Too Much Empathy Will Cost You Money

Ever have a prospect start out your sales call by asking you “so how much does this cost?” as the first question out of his mouth? How you handle this question, and subsequent ones like it, will greatly influence the outcome of your sales-call.


Right now is an excellent time to examine some of your beliefs about selling. Do you believe that this is a reasonable question for the prospect to ask? Would this be one of your first questions of a seller if you were the prospect? Do you agree with saying’s like “The customer is always right.”?


If you agree iwht most or all of these beliefs, would you then answer his question directly with a price? Just because the prospect asks a reasonable question does not mean that the smart thing to do is to answer it. Doing this at the very least could cost you money that you did not know the prospect had.
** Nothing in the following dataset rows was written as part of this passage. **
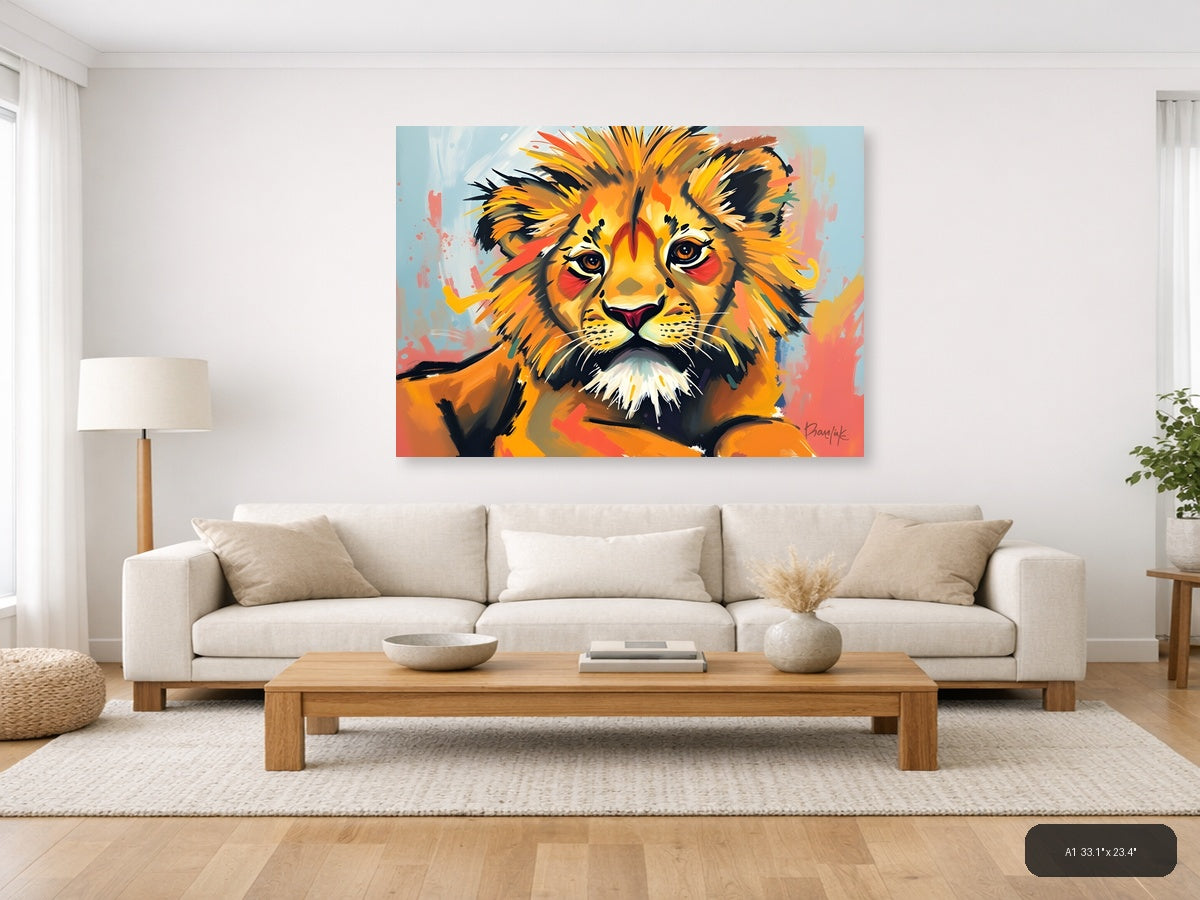 Abstract Lion Portrait - Vibrant Orange Wall Art — A1 / Living Room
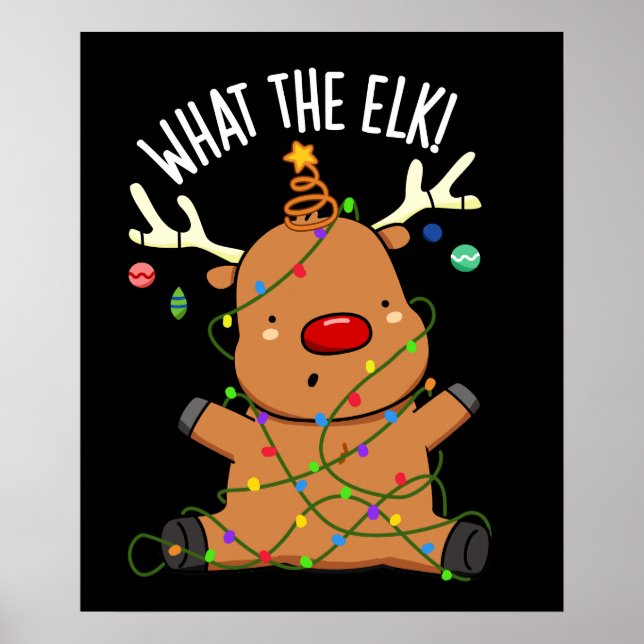 Vad Älg Roligt Djur Skämt Mörk Bakgrund Poster (Framsidan)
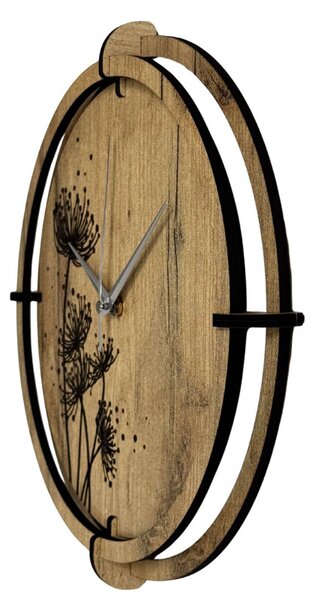 Tiché drevené hodiny s motívom lúčnych tráv pre váš domov | SENTOP HDF0586-GOLD-OAK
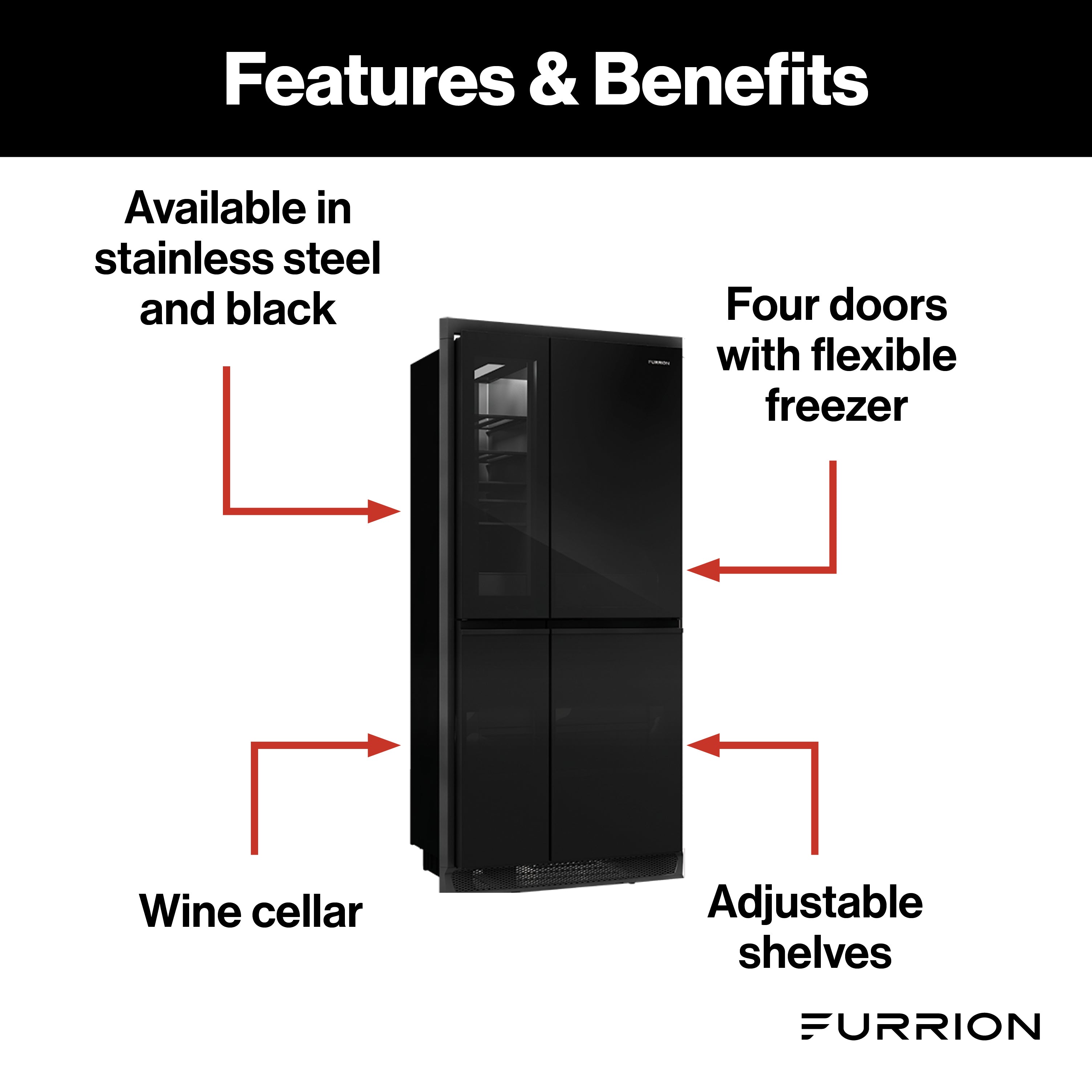 Furrion Arctic Rv Refrigerator - 14 Cu Ft, 4-Door, Black #Fcr14Acbqa-Bl-01 - Image 4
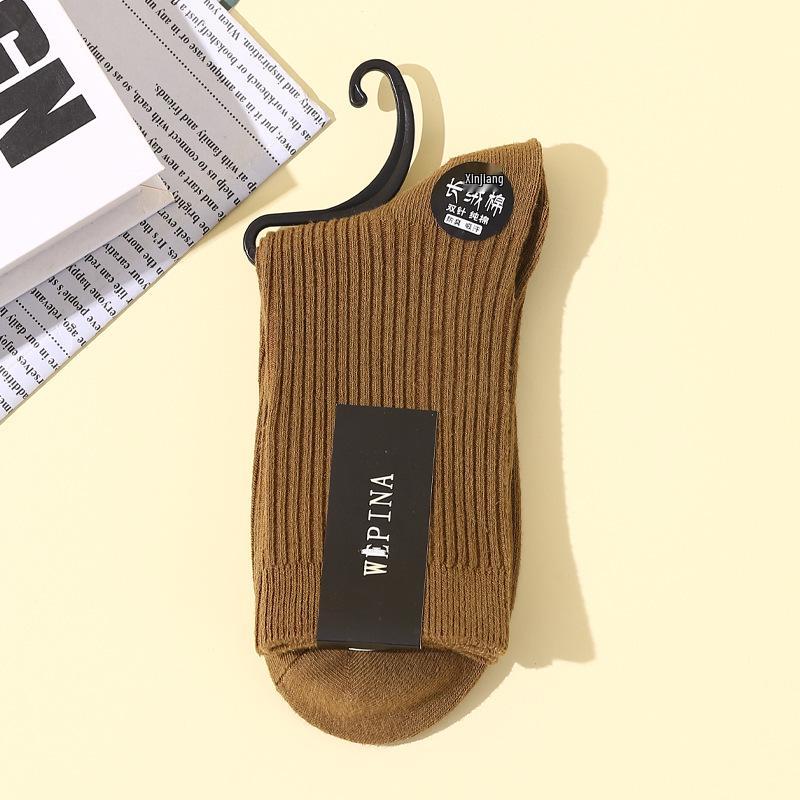 Men's Mid-Calf Cotton Socks - Odor-Resistant, Sweat-Absorbent, Ideal for Spring & Autumn Sports or Business Wear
And, doing this could cost you the entire sale, if the prospect prematurely rules you out because you are “too expensive”.


People make buy, no-buy decisions for emotional reasons. Imagine that your buyer looks at a scale on which she weighs the emotional consequences of her decisions. If the sales call begins with your answer to “how much does this cost?”, which way do you think her scale tips? Gee, you don’t know because you haven’t had the chance yet to ask about this buyer’s budget or financial resources. Unless you are lucky enough to be priced right within her budget, chances are this scale is going to tip very negatively against you. And you are rapidly on your way to losing this sale. In fact, you may not even get a chance to finish this sales call now.


How do you tip the scale towards the positive, towards you? Ask questions to help the buyer discover his emotional reasons why he wants and needs your product now. Ask questions that uncover the consequences of not buying from you. Take control by turning the prospect’s question to you into a question back to him. This question could be as simple as “Do you mind if I ask you some questions first to see if you even need any of my products/services?”


Take control of the sales call up-front, and tip the scales in your favor.